The reviewers working for the Fanfare magazine were asked to name five releases from the previous year that were of particular interest to them. Here are the Polish composers and performers that appeared among their selections:

  • Royal S. Brown: Chopin Piano Sonatas Nos. 2 & 3. Other works. William Kapell, piano. RCA
  • Peter Burwasser: Godowsky/Chopin Transcriptions on Hyperion and Penderecki Orchestral Musis on Naxos.
  • Adrian Corleonis: Chopin/Godowsky Transcriptions and Godowsky “Java Suite” on Propiano label.
  • Henry Fogel: Szymanowski’s “King Roger” conducted by Rattle on EMI.
  • Bernard Jacobsen: Chopin Piano Concerto No. 2. Rodriguez on Elan.
  • Haig Mardirosian: Virtuoso Organ Music. Andrzej Chorosinski, organ. MDG Gold.
  • Peter Rabinowitz: Chopin/Godowsky Transcriptions and Chopin Piano Music. Richter on BBC Legends.
  • Michael Ulmann: Chopin. Four Ballades. Pollini on Deutsch Gramophone.

BBC Discs Of The Month

BBC Radio 3’s Andrew McGregor’s choice for Discs of the Month include Penderecki’s Symphonies Nos. 2 & 4 on Naxos 8.554492. Polish National SO of Katowice, Antoni Wit, cond.

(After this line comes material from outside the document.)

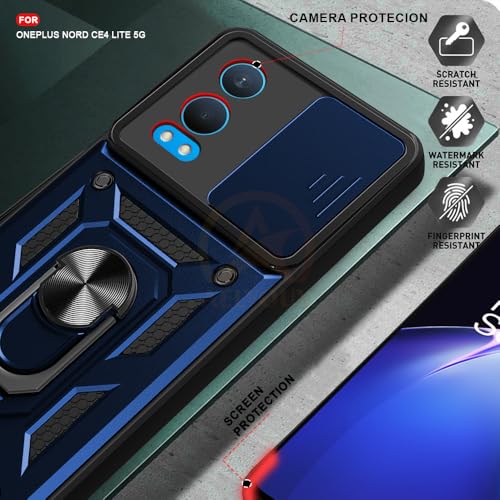 Image of Armor Bumper Back Cover Case for OnePlus Nord CE 4 Lite 5G Rotating Camera Cover, Ring Holder & Kickstand | Heavy Duty & 360 Degree Protection OnePlus Nord CE 4 Lite 5G Back Cover (Blue)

Recordings Reviewed In Fanfare

ACCORD 018. Leopolita, Mielczewski, Gorczycki. Il Canto Vocal Ensemble.
Brian Robins finds this release “of considerable value in going at least some way toward filling a large gap in our knowledge of European Renaissance and Baroque music. All three composers involved played an important role in the development of a Polish sacred repertoire.” He concludes the six-member ensemble performance as “committed and in general terms highly effective and well-engineered performances of music that is eminently worth investigating.”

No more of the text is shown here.